The following year wasn’t any better. In Los Angeles, tronc pushed editor-publisher Davan Maharaj, along with several other senior editors, out the door. Former Yahoo executive Ross Levinsohn was named publisher and Lewis D’Vorkin of Forbes was named editor-in-chief. In less than a year, both men were gone.

Now that I’ve caught you up, you can probably understand why the Times welcomed Soon-Shiong with open arms. To some of those employees, Ferro was the architect who deceived them into believing they were in the “good place.” But they quickly realized they were not.

Earlier this year, the Times newsroom voted for the first time in its 136-year-old history to form a union. Kristina Bui, Times copy editor and guild organizer, told E&P in May that it was the hiring of Levinsohn and D’Vorkin that made them realize tronc “did not have their best interests at heart.”

From what I’ve read on Soon-Shiong, he seems to be the complete opposite. “We will continue our papers’ dedication to truth, integrity, journalistic independence, and storytelling that engages, informs, educates and inspires with care and compassion,” he wrote to readers in a full page ad the weekend before the sale was finalized.

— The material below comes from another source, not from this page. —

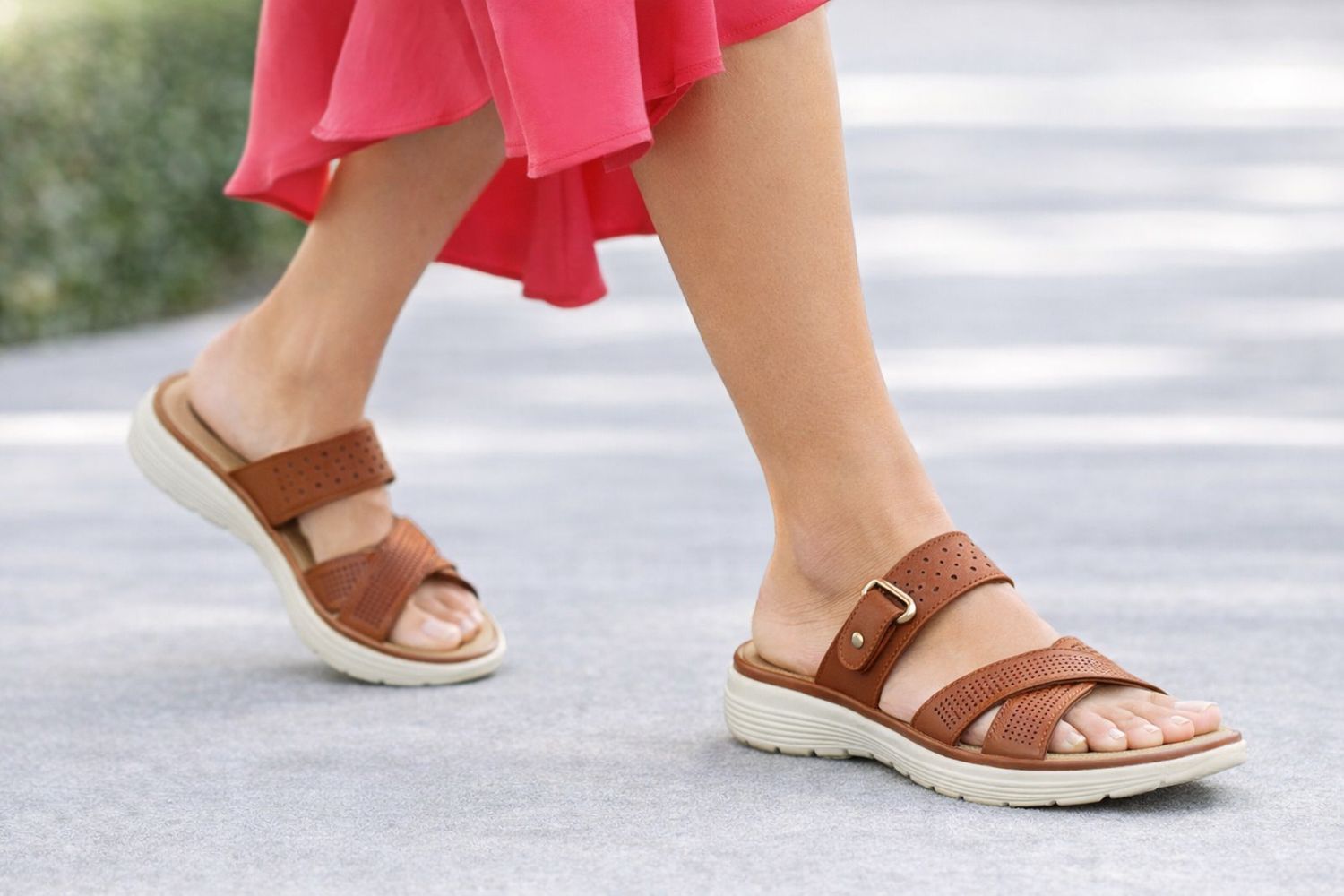 2255662 Ladies flat sandal w/adjustable velcro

Pearlstine also seemed optimistic about Soon-Shiong’s abilities to run a newspaper. “Whenever somebody comes to a field like media from another place, you always want to make sure they fully understand what they’ve gotten involved in,” he told the Columbia Journalism Review. “His ability to both operate at 50,000 feet and then, somewhat annoyingly, to be very granular in his sort of deconstruction of everything from staffing to beats and so forth has just been remarkable.”

I don’t know if you want to call this the honeymoon phase; we’ve seen our share of billionaires save newspapers, but we’ve also seen some that have burned out. I’m still curious to see where Soon-Shiong takes his newly-formed California News Group. Let’s hope it’s to a good place.